_PROBLEM_
Within the lines below, the span from the line with "My garden, My rose_Angela_2" to the line with "Comfort Near Castle Views 別荘 ブランケンブルク", both ends included, is to be reproduced exactly, with pictures omitted.

_SUPPLIED MATERIAL_
-- -- --

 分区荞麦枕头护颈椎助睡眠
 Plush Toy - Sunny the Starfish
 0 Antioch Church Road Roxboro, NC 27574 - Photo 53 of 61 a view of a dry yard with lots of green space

-- -- --

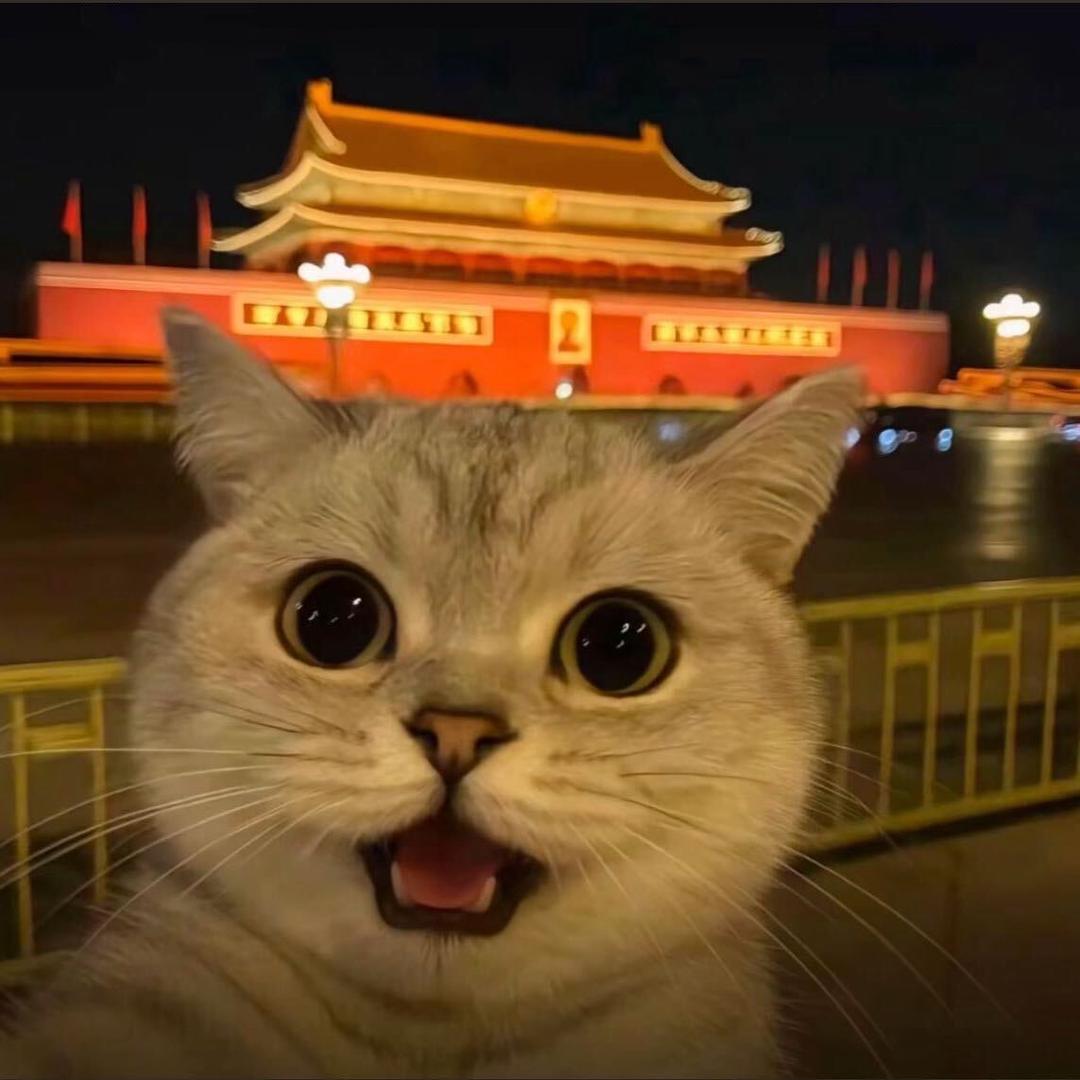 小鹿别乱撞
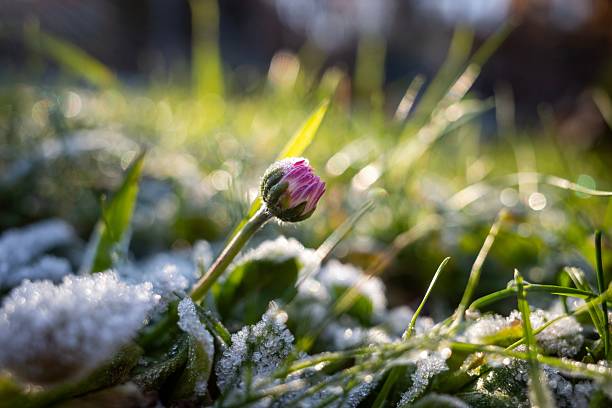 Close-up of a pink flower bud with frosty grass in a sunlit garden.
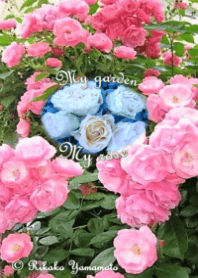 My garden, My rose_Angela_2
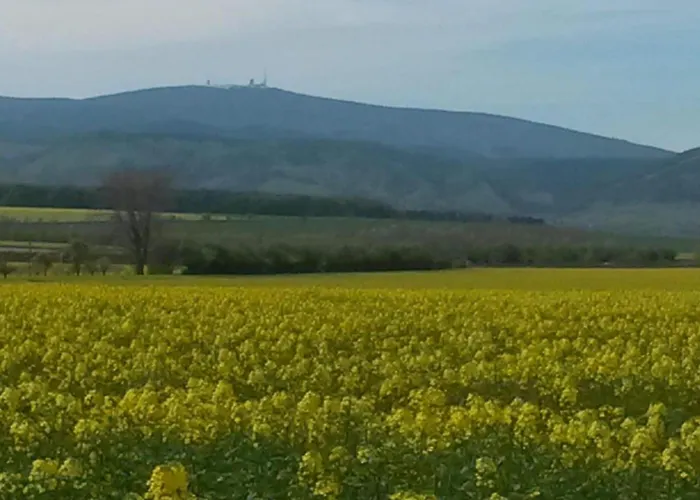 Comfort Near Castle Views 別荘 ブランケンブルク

-- -- --

_EXPECTED OUTPUT_
 My garden, My rose_Angela_2
 Comfort Near Castle Views 別荘 ブランケンブルク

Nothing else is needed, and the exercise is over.